Even more bothering is the fact that most coaches emphasize on making a career out of the game. You would rarely come across a coach who actually focuses on understanding the game, practicing team spirit, playing together, losing gracefully, learning to respect, and learning to share. And yet more scarier is, that coaches are making kids play these games for insanely longer durations. Some training clubs actually play for 10 months outright, which is more than what pros play for.

The happy-go-merry, carefree kid is now replaced by worn-out, tired victory-focused playing robot who plays with an expression-less face, who perhaps has played several games but enjoyed really few.

Even if for some practical purposes if this sports-career mayhem is justified, our league teams should be swarming with star players. And for the number of players that are getting this sort of training, we should have all-star teams competing. But when we do the math, it doesn’t match-up.
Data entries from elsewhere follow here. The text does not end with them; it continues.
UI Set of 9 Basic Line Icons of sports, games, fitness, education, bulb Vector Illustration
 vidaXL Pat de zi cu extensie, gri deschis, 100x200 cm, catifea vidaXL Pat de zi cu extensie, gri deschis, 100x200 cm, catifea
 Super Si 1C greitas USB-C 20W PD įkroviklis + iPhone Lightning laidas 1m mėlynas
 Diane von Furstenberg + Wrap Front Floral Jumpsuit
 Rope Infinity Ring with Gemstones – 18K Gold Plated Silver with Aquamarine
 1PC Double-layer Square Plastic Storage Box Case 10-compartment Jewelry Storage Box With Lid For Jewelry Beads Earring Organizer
Some of the most popular sports heroes come from an era where this insanity wasn’t going on, an era when people didn’t consider sports as their shortcut to a fancy, luxurious life and when people played for the love of the game.

So you sacrifice your kid’s childhood, expose her to the risk of concussions and injuries, and of course spend all that money in training, what if your child doesn’t end up in the premier league or national team? Do you at-least get refunds? Well, it is after all a business, isn’t it?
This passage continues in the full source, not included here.